Menurut Aurobindo, ide-ide dari buku-buku itu datang sebagai curahan deras inspirasi, tanpa usaha, “Saya tak berbuat usaha apapun dalam menulis. Saya dengan sederhana membiarkannya kepada Kuasa yang Tertinggi untuk bekerja. Dan bila tidak terjadi, saya tak melakukan usaha apapun. Pada masa lalu keintelektualan saya, saya kadang-kadang mencoba untuk memaksa diri dan tidak setelah saya mulai mengembangkan puisi dan prosa dengan yoga. Bolehkah kuingatkan padamu juga, tatkala saya menulis Arya, dan juga ketika saya menulis surat-surat ini atau menjawab surat-surat, saya tak pernah berpikir… apa yang kutuliskan keluar begitu saja dari pikiran yang hening, siap dibentuk dari atas”.

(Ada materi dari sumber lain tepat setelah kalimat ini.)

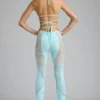 Stevie Embellished Mid-Rise Flared Trousers i isblått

Pada tahun 1920 dia berhenti menulis, edisi terakhir dari Arya diterbitksn. Selama 30 tahun berikutnya, tulisannya dibatasi pada sejumlah besar korespondensi, dan juga tulisan mengenai puisi syair kepahlawanan, Savitri, terdiri dari 23.813 baris yang merangkum sebagian besar dari visionnya mengenai evolusi kemanusiaan dengan jelas, pekerjaannya dengan sub-suara hati nurani dan kontra nurani, juga pengalamannya dengan dimensi Kesadaran yang lebih tinggi.

Krisis Transformasi

Aurobindo melihat kemanusiaan pada persimpangan jalan dalam evolusinya, “Bila penyingkapan spiritual di atas bumi adalah kebenaran yang tersembunyi dari kelahiran kita ke Materi, apabila jika secara fundamental sebuah evolusi kesadaranlah yang terjadi di alam, maka manusia sebagai mana dia sekarang tidaklah merupakan suatu akhir dari evuolusi itu; manusia terlalu tidak sempurna untuk mengekspresikan roh, pikiran itu sendiri adalah suatu bentuk dan instrumen yang sangat terbatas, pikiran hanya suatu jangka waktu tengah bagi Kesadaran, eksistensi mental bisa jadi adalah makhluk transisi saja. Bila kemudian manusia tak mampu untuk melebihi mentalitas, dia haruslah dilangkahi, dilampaui dan oleh karenanya mind yang super dan manusia yang super – harus bermanifestasi atau menjelma untuk memegan pimpinan dari ciptaan, tetapi bila pikiran mampu untuk membuka kepada apa yang melmpauinya,lalu tak ada alasan mengapa manusia sendiri tak harus tiba pada supermind dan supermanhood (tingkatan manusia super) atau paling tidak meminjamkan mentalitas, hidup dan tubuhnya kepada sebuah evolusi dari masa yang lebih besar dari Sang Roh yang bermanifestasi di alam ini”.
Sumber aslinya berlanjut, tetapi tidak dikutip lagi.